The ‘coming’ we reflect on in Advent is not, in fact, primarily that first coming of Christ as a baby in Bethlehem, but the second coming of Christ at the end of the ages, when God will put right everything that is wrong, and the poor and faithful will finally inherit new heavens and a new earth. The Scriptures read during this period talk of the hope of all God’s people for peace and justice in the world. They speak also of a messiah who will inaugurate this age by taking up the ancient throne of David. Startling cosmic images are used to speak of what things will be like when the messiah arrives: wolves lying down with lambs and children playing safely over the nests of snakes (Isaiah 11.1-10) are just two examples.
Of course, the flip side of such hope is a very real sense that the messianic age has not yet arrived. We do not hope for things that are already ours! This indicates a fundamental difference between Advent and the Christmas season which follows. Christ has come a first time, certainly, and it is the special function of the Christmas-Ephipany period to reflect this fact and tell that story. Yet the Christ who came two thousand years ago has still not arrived in all his glorious fullness. We know this because the universe does not yet experience the wholeness of his promised peace. It is dominated, rather, by sin, suffering and despair. These realities are frankly acknowledged during Advent, and worshippers are encouraged to repent of the part they play in making and keeping the world in its deplorable state. Thus Advent, like its twin season of Lent, invites Christians to consider the ways in which Christ has actually been rendered absent or irrelevant in both their own lives and that of the world. Advent, then, encourages worshippers to place their hope and trust in Christ who, when he arrives in his divine glory at the end of the age, will put all such faults away for ever.

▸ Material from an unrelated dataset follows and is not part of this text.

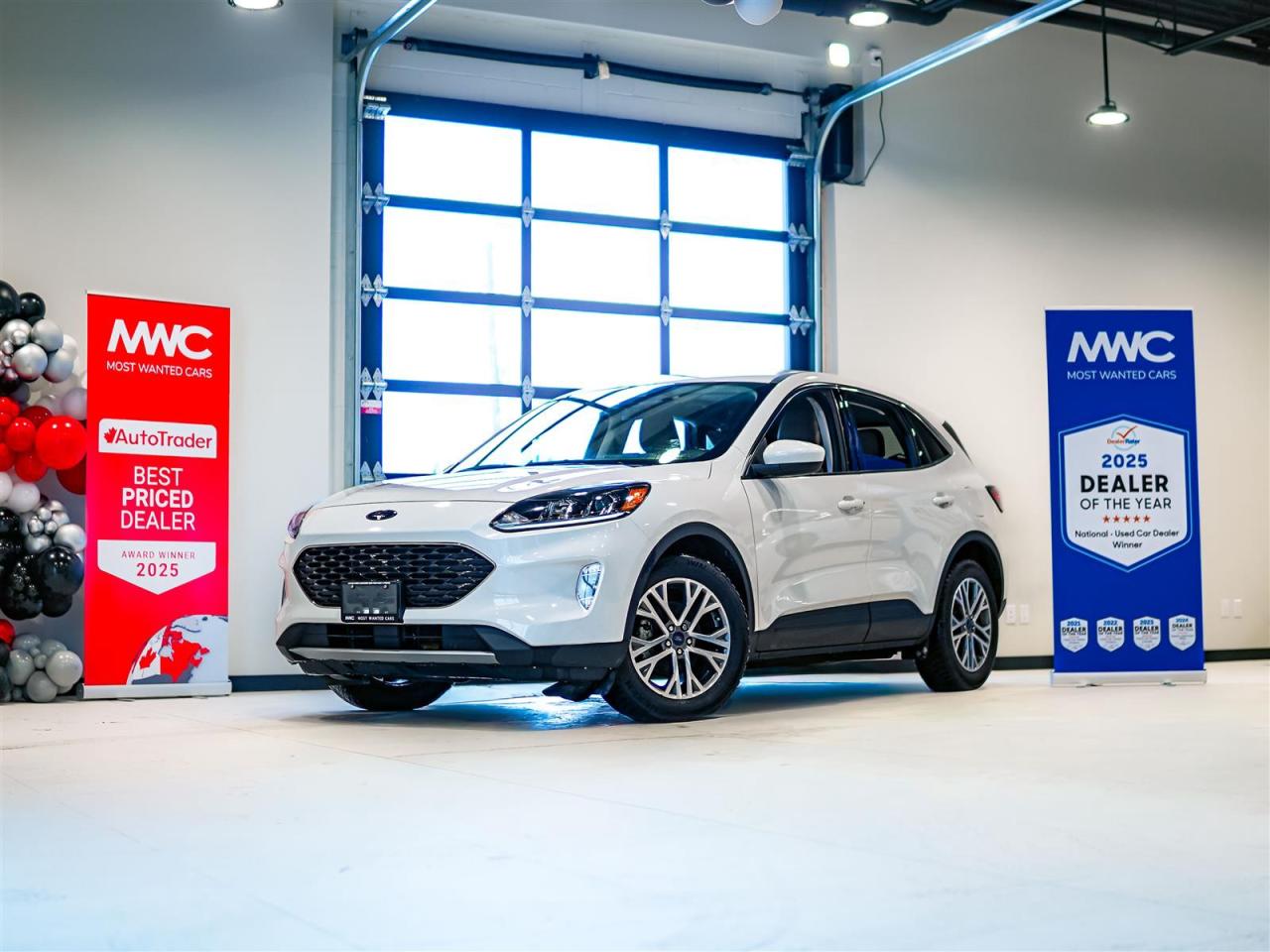 <div style=text-align: justify;><span style=font-size:14px;><span style=font-family:times new roman,times,serif;>Test drives available by appointment at our Guelph and Kitchener locations.&nbsp;Get approved in minutes with competitive rates starting at 6.46% O.A.C. This new arrival has a CLEAN CARFAX with no accidents and is also a Canadian (Ontario) vehicle with service records. High-value options included with this vehicle are; blind spot indicators, lane departure warning, adaptive cruise control, pre-collision, navigation, beige leather / heated / power seats, rear sensors, convenience entry, push button, power tailgate, app connect, back up camera, touchscreen and 18&rdquo; alloy rims, offering immense value.<br /><br /><strong>Why Choose Most Wanted Cars?</strong><br />At Most Wanted Cars, we&rsquo;re not just a dealership, we&rsquo;re a place where our customers send their family and friends. Since 1975, our family owned and operated business has been proud to offer the best financing options in Kitchener-Waterloo-Cambridge, Guelph, and the surrounding areas. We&rsquo;re proud to be recognized as DealerRater&rsquo;s National Winner for Used Car Dealers in 2023, 2024 & 2025, with an A+ rating from the Better Business Bureau with over 3,600 customer reviews averaging 4.9/5. Most units are one owner, accident free, clean CarProof, low km, Canadian vehicles, local vehicles, odor free and smoke free. We offer a wide selection of Certified Pre-Owned vehicles, each backed by a free CarProof report, with no liens, full safety inspected, with a multi-point inspection. All vehicles are freshly serviced with an oil change and units can be vehicle detailed upon request, ensuring they&rsquo;re ready for the road. Many of our vehicles are dealer serviced and include the balance of factory warranty for added peace of mind. Every vehicle is thoroughly reconditioned and presented in excellent condition, because at Most Wanted Cars you deserve nothing less!<br />To serve you better, we have two convenient locations:<br />&nbsp;</span></span></div><ol><li style=text-align: justify;><span style=font-size:14px;><span style=font-family:times new roman,times,serif;><strong>600 Elmira Rd N, Guelph &ndash; 519 822 2227</strong></span></span></li><li style=text-align: justify;><span style=font-size:14px;><span style=font-family:times new roman,times,serif;><strong>1620 King Street East, Kitchener &ndash; 519 772 3040</strong></span></span></li></ol><div style=text-align: justify;><span style=font-size:14px;><span style=font-family:times new roman,times,serif;>&nbsp;<br />Visit us at <a href=http://www.mostwantedcars.ca/>www.mostwantedcars.ca</a> to explore our full inventory and complete an easy online finance application for exclusive online preferred rates. Interest rates offered as low as 6.46% on approved credit.<br /><em>Note: Prices listed are available for financing purchases only, with approved credit. The cash price is $975 more for other payment methods. Taxes and licensing are not included in the listed price.</em><br />&nbsp;<br />Most Wanted Cars also provides additional protection options at exclusive pricing, including the Fresh Start Platinum Package, rust protection, ceramic coating, gap insurance, extended warranties, walk-away insurance, and road hazard protection, among others. For more details, please consult with your sales representative.</span></span></div>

To help Christians reflect on what the coming of Jesus might mean for us today, the Church makes use of a number of interesting symbols.
The Jesse Tree
Christians long for the full reign of the messiah, and the kingdom of Peace that he will bring. So, while we celebrate the birth of the Branch, the new shoot from the stump of Jesse, we anticipate with hope the Second Advent, and await the completion of the promise.
Wreath and Candles
At the front of many churches you will notice, during Advent, the presence of a circular wreath of green, with four candles about it. The wreath is a circle of evergreen branches that reminds us of God’s love. Like a circle, God’s love has no beginning or end. Like an evergreen tree, it is forever alive and growing. God’s love never fails.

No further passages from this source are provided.